Considering that real O(1) operation in this case is a very complicated problem, and you prefer using the STL, I'd suggest something like the following data structures. Not that this does not satisfy your Big-Oh requirements, and it's not the most efficient way you can implement it even with the STL, but it's simple and efficient.

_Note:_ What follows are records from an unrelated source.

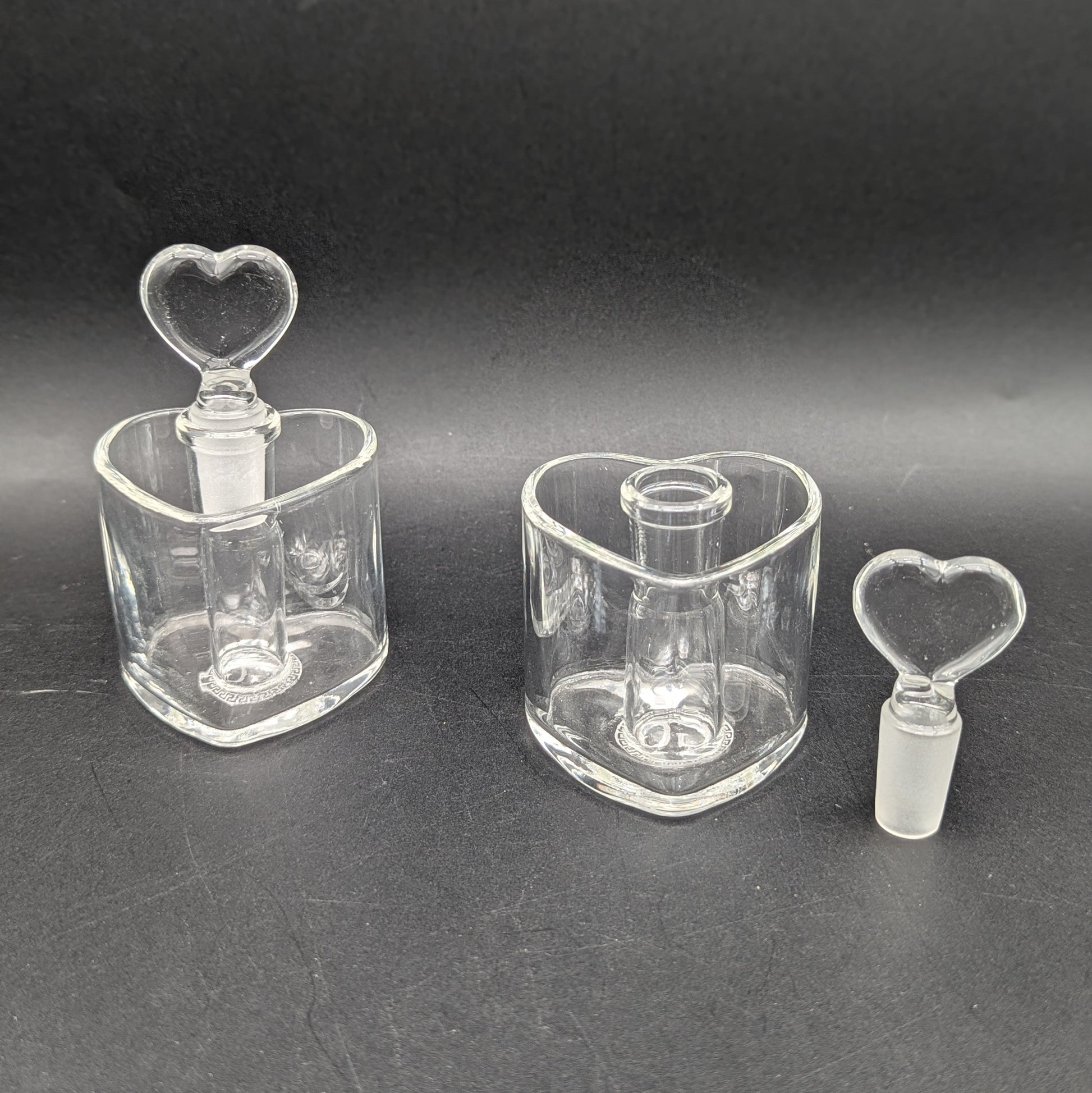 Greek Glass Heart Shaped Qtip & Iso Holder-Avernic Smoke Shop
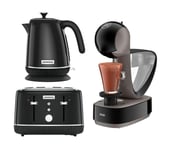 Kenwood Elegancy ZJP11.A0BK Jug Kettle, 4-Slice Toaster & De'Longhi Infinissima EDG260.G Coffee Machine Bundle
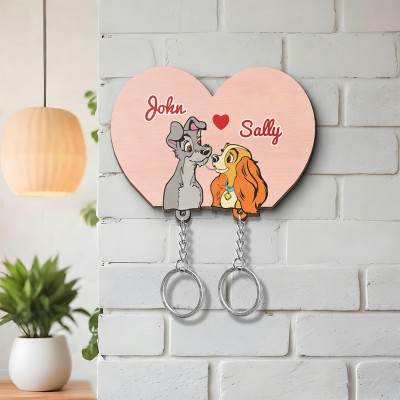 Personalized Cartoon Character Couple Keychain Holder for Your Love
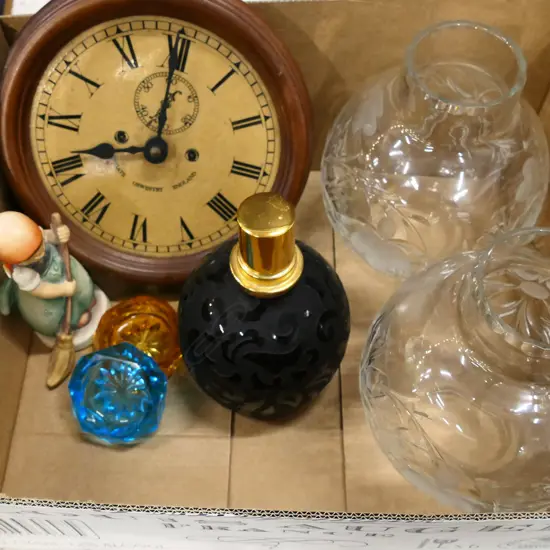 BOX ASST INCL WALL CLOCK, GLASS LIGHT SHADES, HUMMEL FIGURE, SCENT BOTTLE ETC..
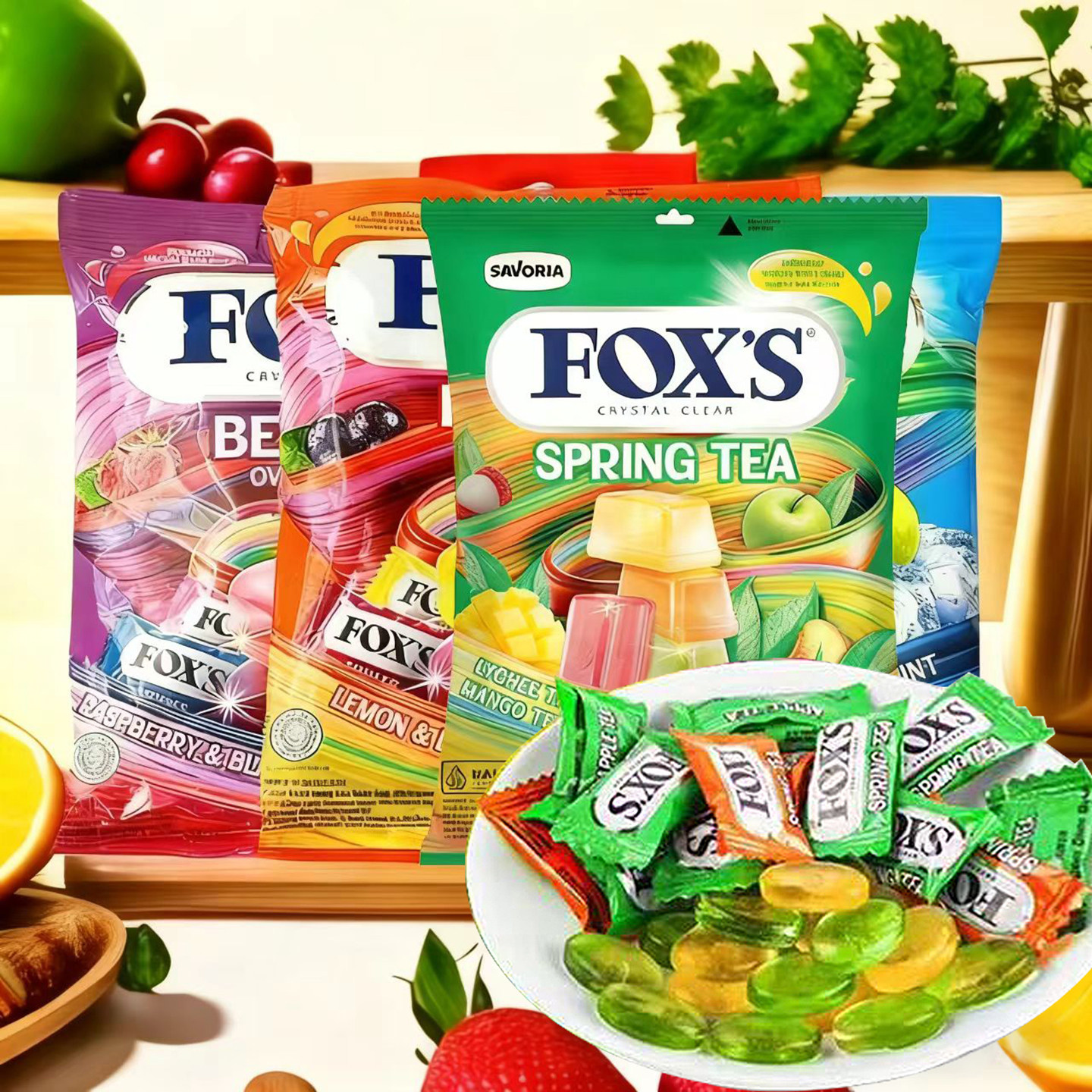 进口印尼foxs水晶糖四季茶水果糖硬糖果网红爆款杂莓薄荷喜糖零食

Your main data structure is a std::map. But in order to accelerate lookups to O(1), you can use an std::unordered_map like this:

using std::map, std::string, std::vector, std::unordered_map;

typedef map<string, vector<int> > TestTakersMap;
typedef unordered_map<string, TestTakersMap::iterator> LookupAccelerator;

Now your various operations will be:

  • Add a new person: You insert into the map, but also you add the name and the iterator in the map where you inserted the new record into the unordered_map. O(log(N)).
  • Look up a person: Using the unordered_map, you can get the iterator and the data for that person. Expected O(1).
  • Add a new score: You find the person using the unordered_map, then use the iterator you got to append a new score. Amortized O(1).
  • Printing out all names and scores: You iterator over the map itself and get the names in lexicographical order, with no added sort step. Can be considered O(S), where S is the total number of scores for all participants.

Note that in all this, your bottleneck will be your cache, and all this pointer chasing and jumping around in memory will not help you at all. Of course, this depends on several other factors, e.g., how many names you actually got, how many scores per person you have, how often you add a new person, how often you add a new score, how often you print out all the names and scores, how much more data you have and need per person and per test, etc.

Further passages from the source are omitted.